#### Prompt
Output every line below exactly, please, omitting pictures.

#### Source material
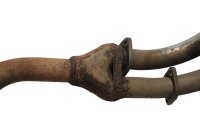 Udstødningsmanifold forlyddæmper samler 4-i-1 Honda CB 1000 F Big One SC30 93-96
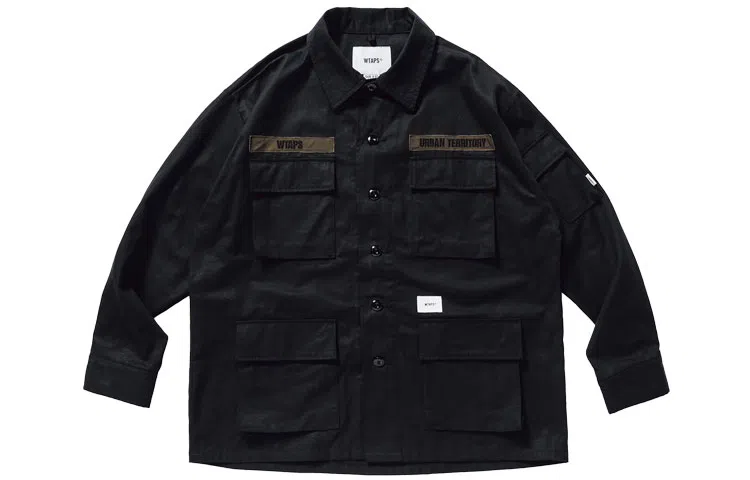 WTAPS SS21 Jacket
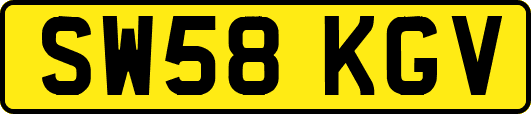 SW58KGV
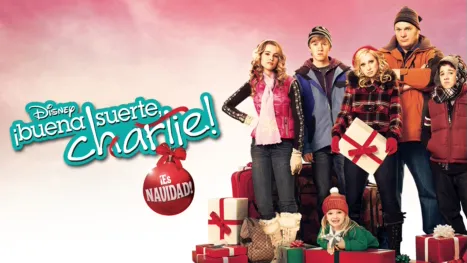 thumbnail - Buena suerte, Charlie: ¡Es Navidad!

#### Exercise output
 Udstødningsmanifold forlyddæmper samler 4-i-1 Honda CB 1000 F Big One SC30 93-96
 WTAPS SS21 Jacket
 SW58KGV
 thumbnail - Buena suerte, Charlie: ¡Es Navidad!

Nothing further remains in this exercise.